Ja, die Blechtrommel. Ich habe hier ja schon den Film Schlöndorffs besprochen und den köstlichen, oftmals aber auch die Sprache verschlagenden und erschlagenden Witz Grass’, der in dem Film nicht verlorengeht, gefeiert. Im Buch ist das im Original zu lesen, und beim Lachen oder Schmunzeln bleibt einem oft der Lacher im Halse stecken. Gut, der Roman ist ein episches Meisterwerk mit Vor- und Rückblenden, Parallelgeschichten und einer gewissen Bissigkeit, die leider auch manchmal, besonders gegen Ende in Ekel erregende Geschmacklosigkeiten ausmünden kann, wie z.B. bei der Aal-Episode.
Der Dichter lümmelt. Soll er, denn die Erzählkunst ist unproblematisch und nimmt Lenz vorweg. Wunderbar die Figur des rätselhaften Bebra und seiner Raguna, die als warnende und mahnende Mentoren wirken.
Es ist auch trilogische Aufarbeitung einer bis heute unser Deutschland prägenden Zeit, von der Weimarer Republik über Hitler bis zur Zwischenzeit oder Wende. Da wir heute wieder ein Flüchtlings-“Problem” haben, in dem sich Zustimmung und krasse Ablehnung unappetitlich durchmischen, ist die Blechtrommel mit der ironischen Flüchtlingsepisode auch wieder zeitgemäß.

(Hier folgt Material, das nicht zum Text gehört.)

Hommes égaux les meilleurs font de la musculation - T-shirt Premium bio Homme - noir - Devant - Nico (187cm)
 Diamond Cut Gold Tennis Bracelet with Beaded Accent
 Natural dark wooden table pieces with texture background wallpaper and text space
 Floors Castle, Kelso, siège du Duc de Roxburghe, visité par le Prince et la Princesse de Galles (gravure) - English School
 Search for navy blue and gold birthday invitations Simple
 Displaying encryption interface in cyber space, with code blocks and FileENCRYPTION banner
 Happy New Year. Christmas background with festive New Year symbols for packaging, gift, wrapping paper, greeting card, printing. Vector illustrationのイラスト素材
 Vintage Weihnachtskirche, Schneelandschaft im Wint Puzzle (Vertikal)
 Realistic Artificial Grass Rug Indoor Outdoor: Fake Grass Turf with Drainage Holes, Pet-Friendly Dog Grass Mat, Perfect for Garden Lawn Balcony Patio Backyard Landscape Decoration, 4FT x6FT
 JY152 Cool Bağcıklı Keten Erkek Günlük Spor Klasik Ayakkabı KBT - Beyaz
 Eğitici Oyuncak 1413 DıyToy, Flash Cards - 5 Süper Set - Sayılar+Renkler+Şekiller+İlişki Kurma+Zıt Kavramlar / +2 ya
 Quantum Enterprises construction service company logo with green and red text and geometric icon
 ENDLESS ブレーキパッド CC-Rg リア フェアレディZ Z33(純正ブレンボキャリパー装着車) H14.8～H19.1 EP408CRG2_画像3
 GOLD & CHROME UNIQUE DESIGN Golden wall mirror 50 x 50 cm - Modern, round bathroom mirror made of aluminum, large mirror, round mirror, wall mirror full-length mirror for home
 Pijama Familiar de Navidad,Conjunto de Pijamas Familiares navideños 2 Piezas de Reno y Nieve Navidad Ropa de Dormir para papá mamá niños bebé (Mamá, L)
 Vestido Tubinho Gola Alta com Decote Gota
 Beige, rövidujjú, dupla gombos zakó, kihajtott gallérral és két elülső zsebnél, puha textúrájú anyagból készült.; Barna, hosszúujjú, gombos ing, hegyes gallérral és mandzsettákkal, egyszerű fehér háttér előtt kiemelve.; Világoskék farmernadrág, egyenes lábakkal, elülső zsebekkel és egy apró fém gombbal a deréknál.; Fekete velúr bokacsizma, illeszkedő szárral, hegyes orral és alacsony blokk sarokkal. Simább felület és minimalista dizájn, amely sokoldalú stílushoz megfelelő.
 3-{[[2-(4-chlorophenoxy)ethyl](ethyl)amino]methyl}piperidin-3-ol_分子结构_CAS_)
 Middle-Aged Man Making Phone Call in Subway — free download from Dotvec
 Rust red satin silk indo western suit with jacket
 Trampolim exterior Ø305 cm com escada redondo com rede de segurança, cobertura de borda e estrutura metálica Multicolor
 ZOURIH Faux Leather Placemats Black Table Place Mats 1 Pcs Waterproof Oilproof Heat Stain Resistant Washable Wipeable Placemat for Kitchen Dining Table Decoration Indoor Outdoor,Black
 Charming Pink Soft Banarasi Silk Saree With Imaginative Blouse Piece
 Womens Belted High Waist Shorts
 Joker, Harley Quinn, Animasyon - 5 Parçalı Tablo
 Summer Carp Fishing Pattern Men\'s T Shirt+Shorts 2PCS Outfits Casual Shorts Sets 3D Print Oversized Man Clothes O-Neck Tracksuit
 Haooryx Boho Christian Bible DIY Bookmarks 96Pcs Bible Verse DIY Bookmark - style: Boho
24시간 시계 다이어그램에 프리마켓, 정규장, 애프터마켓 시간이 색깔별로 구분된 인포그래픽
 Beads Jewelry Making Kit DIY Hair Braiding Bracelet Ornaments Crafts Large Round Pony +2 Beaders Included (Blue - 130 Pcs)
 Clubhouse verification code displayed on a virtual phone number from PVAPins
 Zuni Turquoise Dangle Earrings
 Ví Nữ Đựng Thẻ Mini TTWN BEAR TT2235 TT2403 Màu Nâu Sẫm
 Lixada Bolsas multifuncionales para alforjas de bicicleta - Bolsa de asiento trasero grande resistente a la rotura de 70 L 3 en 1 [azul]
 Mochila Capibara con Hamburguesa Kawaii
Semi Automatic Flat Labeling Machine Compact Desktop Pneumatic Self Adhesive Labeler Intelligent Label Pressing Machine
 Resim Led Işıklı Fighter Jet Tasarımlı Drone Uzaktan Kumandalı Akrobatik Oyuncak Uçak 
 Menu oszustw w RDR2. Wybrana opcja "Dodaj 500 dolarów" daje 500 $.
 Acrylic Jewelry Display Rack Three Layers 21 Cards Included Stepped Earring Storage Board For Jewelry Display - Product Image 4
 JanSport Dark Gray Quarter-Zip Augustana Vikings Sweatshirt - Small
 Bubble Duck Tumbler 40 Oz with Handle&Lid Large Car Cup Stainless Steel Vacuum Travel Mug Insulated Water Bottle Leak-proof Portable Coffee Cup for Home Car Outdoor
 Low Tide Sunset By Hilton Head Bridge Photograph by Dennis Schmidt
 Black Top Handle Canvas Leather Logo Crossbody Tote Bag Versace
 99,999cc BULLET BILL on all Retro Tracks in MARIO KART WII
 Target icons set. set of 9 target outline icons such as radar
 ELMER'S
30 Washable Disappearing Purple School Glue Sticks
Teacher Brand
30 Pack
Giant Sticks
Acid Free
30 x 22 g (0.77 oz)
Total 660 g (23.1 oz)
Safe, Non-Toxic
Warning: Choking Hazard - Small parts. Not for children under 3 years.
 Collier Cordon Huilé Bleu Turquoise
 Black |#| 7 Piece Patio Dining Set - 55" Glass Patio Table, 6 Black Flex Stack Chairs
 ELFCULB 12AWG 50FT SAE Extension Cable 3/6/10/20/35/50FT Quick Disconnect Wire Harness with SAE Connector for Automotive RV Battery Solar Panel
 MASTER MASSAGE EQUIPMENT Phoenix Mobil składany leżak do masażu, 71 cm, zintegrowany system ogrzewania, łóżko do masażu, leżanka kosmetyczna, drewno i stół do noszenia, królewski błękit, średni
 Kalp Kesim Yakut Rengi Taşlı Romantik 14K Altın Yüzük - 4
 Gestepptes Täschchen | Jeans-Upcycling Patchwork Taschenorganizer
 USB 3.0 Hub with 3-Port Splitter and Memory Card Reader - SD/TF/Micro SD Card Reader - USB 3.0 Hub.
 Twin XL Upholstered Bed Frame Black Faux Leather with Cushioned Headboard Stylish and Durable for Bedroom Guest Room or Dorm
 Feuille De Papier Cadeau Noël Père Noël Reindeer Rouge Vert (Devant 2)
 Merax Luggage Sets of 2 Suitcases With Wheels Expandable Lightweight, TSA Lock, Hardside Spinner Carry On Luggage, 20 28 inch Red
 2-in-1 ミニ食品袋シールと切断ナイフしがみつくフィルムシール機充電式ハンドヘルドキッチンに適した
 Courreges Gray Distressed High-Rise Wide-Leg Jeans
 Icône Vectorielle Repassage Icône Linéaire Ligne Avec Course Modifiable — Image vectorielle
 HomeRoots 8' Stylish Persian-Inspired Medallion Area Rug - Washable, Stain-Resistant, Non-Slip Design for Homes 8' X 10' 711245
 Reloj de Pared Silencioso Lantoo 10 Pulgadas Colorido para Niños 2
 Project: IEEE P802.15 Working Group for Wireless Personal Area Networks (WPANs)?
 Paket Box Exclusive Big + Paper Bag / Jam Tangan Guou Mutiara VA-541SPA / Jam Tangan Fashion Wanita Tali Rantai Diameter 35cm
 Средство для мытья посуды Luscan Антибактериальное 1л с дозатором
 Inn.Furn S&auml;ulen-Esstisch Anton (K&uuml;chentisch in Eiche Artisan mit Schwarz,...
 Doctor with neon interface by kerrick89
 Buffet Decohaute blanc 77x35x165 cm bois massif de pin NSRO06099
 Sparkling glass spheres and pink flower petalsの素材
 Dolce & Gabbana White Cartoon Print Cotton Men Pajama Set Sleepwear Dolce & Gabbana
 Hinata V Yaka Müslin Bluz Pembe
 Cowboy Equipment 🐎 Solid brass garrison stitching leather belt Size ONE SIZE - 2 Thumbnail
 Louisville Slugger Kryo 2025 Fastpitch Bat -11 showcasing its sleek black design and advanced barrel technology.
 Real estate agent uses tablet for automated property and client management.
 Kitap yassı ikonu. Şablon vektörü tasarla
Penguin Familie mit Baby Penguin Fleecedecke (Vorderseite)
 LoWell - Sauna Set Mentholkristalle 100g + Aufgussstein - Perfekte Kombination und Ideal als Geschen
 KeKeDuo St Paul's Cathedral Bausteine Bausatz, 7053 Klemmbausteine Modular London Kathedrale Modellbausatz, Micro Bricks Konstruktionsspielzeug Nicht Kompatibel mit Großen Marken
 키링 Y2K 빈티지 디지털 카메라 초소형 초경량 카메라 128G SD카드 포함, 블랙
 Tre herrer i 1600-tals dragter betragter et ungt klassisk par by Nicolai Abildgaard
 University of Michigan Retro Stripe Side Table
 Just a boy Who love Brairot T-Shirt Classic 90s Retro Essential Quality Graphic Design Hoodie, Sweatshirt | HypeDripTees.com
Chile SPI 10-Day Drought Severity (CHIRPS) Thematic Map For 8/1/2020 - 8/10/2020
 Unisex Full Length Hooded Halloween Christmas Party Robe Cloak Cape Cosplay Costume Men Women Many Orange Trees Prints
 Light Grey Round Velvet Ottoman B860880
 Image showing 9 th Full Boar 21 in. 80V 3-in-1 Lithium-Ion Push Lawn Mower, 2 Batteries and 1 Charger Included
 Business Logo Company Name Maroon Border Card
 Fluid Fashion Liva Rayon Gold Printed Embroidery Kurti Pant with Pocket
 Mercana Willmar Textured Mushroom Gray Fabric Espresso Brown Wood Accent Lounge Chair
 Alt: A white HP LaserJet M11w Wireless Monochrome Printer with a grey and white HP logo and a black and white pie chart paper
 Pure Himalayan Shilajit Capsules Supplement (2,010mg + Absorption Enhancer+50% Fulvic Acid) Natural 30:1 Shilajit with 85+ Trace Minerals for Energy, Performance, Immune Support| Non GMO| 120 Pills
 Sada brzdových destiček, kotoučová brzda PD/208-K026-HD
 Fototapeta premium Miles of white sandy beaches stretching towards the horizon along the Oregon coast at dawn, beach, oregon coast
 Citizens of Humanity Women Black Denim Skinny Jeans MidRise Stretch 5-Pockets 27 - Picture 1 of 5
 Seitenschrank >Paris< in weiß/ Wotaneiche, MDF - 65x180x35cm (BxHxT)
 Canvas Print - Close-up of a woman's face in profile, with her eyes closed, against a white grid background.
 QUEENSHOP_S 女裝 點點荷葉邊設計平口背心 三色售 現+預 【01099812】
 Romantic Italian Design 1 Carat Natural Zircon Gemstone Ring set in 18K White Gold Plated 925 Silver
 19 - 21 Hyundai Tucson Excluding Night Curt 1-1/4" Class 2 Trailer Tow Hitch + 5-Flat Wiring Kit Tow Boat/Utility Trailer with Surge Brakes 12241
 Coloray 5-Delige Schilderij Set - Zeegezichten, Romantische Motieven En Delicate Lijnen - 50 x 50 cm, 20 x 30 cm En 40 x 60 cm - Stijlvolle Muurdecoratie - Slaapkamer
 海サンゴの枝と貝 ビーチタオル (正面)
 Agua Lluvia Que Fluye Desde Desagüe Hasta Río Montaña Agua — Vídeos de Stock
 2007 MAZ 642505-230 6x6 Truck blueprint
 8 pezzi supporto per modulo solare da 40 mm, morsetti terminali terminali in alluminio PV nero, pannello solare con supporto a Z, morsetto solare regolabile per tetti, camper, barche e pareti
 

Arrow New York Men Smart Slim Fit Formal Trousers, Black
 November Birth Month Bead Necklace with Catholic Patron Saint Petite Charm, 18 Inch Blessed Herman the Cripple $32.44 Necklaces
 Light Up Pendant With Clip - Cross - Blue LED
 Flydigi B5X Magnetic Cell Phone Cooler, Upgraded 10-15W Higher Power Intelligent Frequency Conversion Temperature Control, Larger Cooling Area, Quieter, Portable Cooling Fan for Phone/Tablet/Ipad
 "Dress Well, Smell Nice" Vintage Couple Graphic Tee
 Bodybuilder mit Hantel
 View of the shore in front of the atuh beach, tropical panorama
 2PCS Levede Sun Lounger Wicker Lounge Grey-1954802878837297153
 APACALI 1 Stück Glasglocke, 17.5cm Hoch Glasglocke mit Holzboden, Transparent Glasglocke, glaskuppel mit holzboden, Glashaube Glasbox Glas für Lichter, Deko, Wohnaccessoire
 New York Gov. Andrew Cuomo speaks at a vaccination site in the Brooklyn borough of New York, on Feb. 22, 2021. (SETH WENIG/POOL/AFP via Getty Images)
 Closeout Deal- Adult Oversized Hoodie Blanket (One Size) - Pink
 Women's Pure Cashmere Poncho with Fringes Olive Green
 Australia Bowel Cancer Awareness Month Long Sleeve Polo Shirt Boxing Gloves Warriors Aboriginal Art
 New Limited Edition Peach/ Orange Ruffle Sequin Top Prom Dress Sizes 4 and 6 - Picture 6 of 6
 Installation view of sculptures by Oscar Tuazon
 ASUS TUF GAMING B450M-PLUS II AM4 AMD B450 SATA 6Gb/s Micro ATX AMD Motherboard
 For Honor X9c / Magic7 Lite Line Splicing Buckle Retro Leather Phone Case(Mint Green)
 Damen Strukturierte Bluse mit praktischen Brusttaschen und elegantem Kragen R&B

Ob das Buch wirklich mit dem Nazireich “abrechnet”, sei dahingestellt, es reflektiert mehr eine gewisse Distanz, eben aus der Sicht des Oskar Matzerath, der aus den Röcken hervorlugt. Es ist die Blickrichtung, von unten, nah, ohne dabei zu sein. Die Frage, die man stellen könnte, ist die, ob solche Haltungen während der Nazizeit real existent, häufig oder selten waren? ich vermute mal, die damit verbundene ironische Duldung des Ganzen war nicht so selten, gerade bei den Intellektuellen.
“Oskar protestiert physiologisch und psychisch gegen die Existenz schlechthin. Er beschuldigt den Menschen unserer Zeit, indem er sich zu einer Karikatur macht. Der totale Infantilismus ist sein Programm.” (Ranicki 1965)
Grass heute? Schullektüre. Mehr nicht,leider.